Mais cet été là, il semble que les choses soient plus compliquées. Juanito prend la route des vacances avec ses enfants pour la région de Murcie, son ex-femme ayant décidé de passer les vacances avec son nouvel amant. Lorsqu’il reçoit un appel de Numéro 2, son supérieur direct, il n’a pas trop le choix que d’accepter la mission qu’on lui propose, même s’il n’est pas très motivé, et bien qu’elle semble toute simple. Il doit juste identifier une cible et remonter les informations à Numéro 2.
Ce que Juanito n’avait pas prévu, c’est que l’endroit où ils atterrissent est un camp de naturistes. Et que la cible est… son ex femme !
Voilà que cet homme habitué à se fondre dans le décor, à « nager sans se mouiller », comme le répétait à l’envi l’ancien Numéro 3 (« Toi, tu aimes nager mais pas te mouiller, me disait toujours le vieux Numéro Trois. Tant que ça fonctionne, mon gars, il n'y a pas de problème. Le problème c'est qu'un jour ça risque de ne plus marcher et il faudra t'assumer, te demander qui tu es. Personne n'y échappe. »), va devoir se balader à poil devant ses enfants, et surprise ! devant Laetitia, son ex, qui justement campe à 2 pas de sa tente avec son nouveau jules, un magistrat réputé qui a le courage de s’en prendre à la pègre du pays. Pas de costume passe-partout pour y cacher une arme, pas d’accessoires pour se dissimuler, pas de grimage possible. Pas facile d’espionner les gens nu comme un vers…
De plus, en tueur averti, Juan ne croit pas trop aux coïncidences, et il y en a trop dans cette affaire pour que cela ne sente pas le roussi. La cible est-elle bien Laetitia, ou ne serait-ce pas plutôt le juge Beltrán, qui compte sans doute de multiples ennemis ? Et comme il est étrange de retrouver Tony, ce vieux copain de jeunesse, borgne et handicapé d’une jambe, vis-à-vis duquel il ne peut se départir de son sentiment de culpabilité suite à des évènements anciens. Tony est devenu richissime, et est donc accompagné d’une jeunette aussi belle que froide et louche. Juan est perturbé… Tony lui-même avoue avoir peur d’une vengeance de son associé, et comme Juan se sent redevable vis-à-vis de lui, il veut bien sûr le protéger.
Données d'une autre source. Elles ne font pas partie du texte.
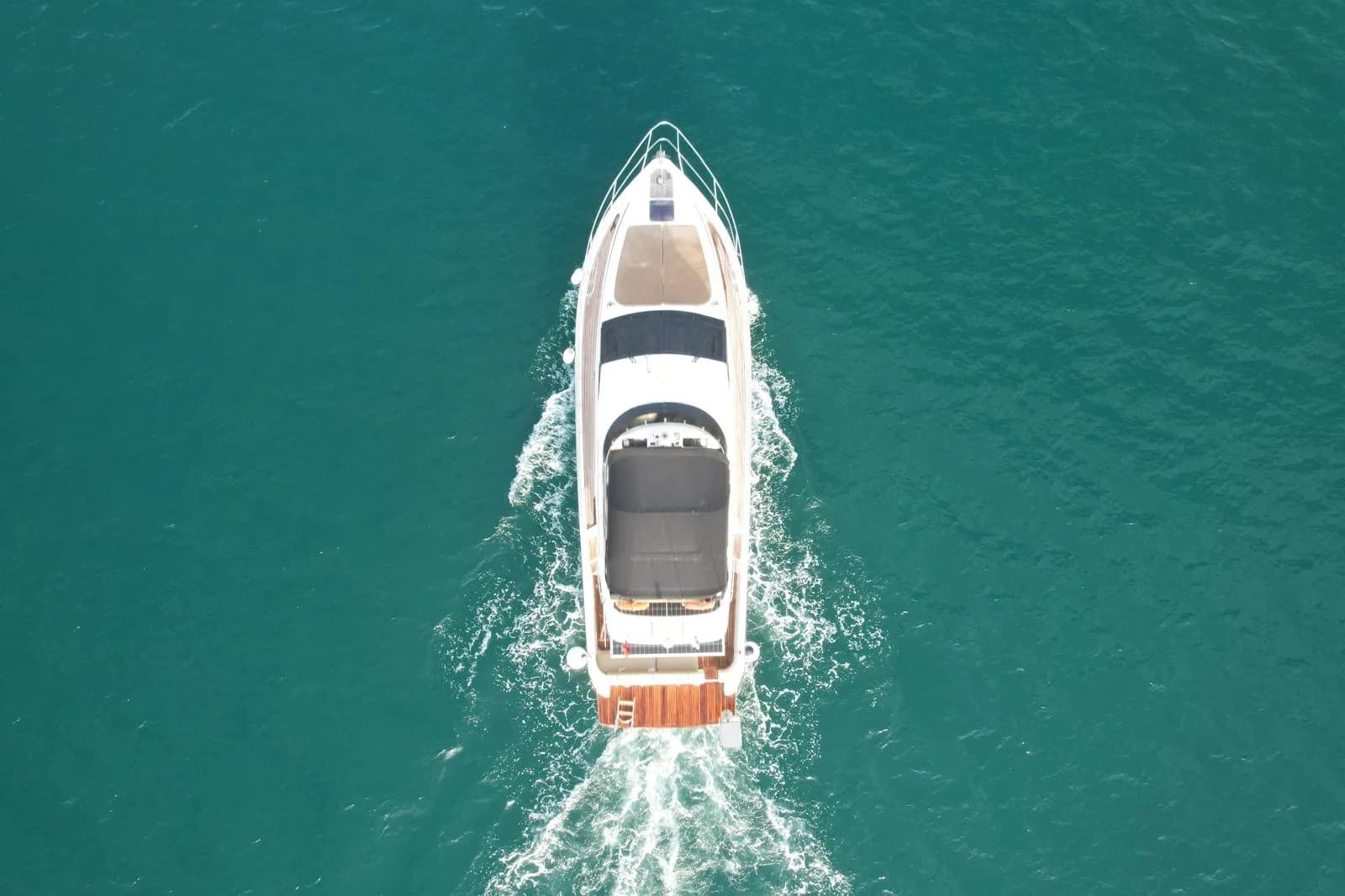 BenQueen Yacht - Antalya Yacht Charter- Tekne kiralama 2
Bien qu’il ne perde pas de vue sa mission, même si elle n’est pas très claire, Juanito tombe sous le charme de Yolanda, jeune et jolie animatrice du camp, qui elle, n’est pas froide du tout, bien au contraire. Il se lie également d’amitié avec un vieux vacancier, un professeur à la retraire auteur de romans policiers et ce sont presque de vraies vacances qu’il passe ici. Sauf que Numéro 13, un de ses collègues tueur à gage, sadique et violent, débarque au camping, sans que Juan ne sache pourquoi. Serait-ce une conspiration ? Et si c’était lui, la cible ? Même le maître nageur a l’air louche… et voilà bientôt que l’inspecteur Arregui, qu’il a déjà rencontré plusieurs fois, lui tourne autour, suite à une mort étrange dans le camping…
Ce roman est extrêmement original et très fantaisiste, même si la trame en est toute simple – un tueur à gage qui veut quitter le milieu, une mission complexe à remplir. Les péripéties rocambolesques s’enchainent, pas forcément toutes vraiment crédibles, mais il règne dans ce camping un tel humour, un tel naturel et une bonne humeur si contagieuse que nous n’en voulons pas à l’auteur de ces petites libertés avec la logique. On y parle sans tabou, puisqu’il faut rappeler que les personnages sont déjà tous nus. Les situations sont parfois un peu chaudes, mais jamais vulgaires et l’auteur réussit même à distiller dans son texte des moments de pure poésie qui touchent au cœur.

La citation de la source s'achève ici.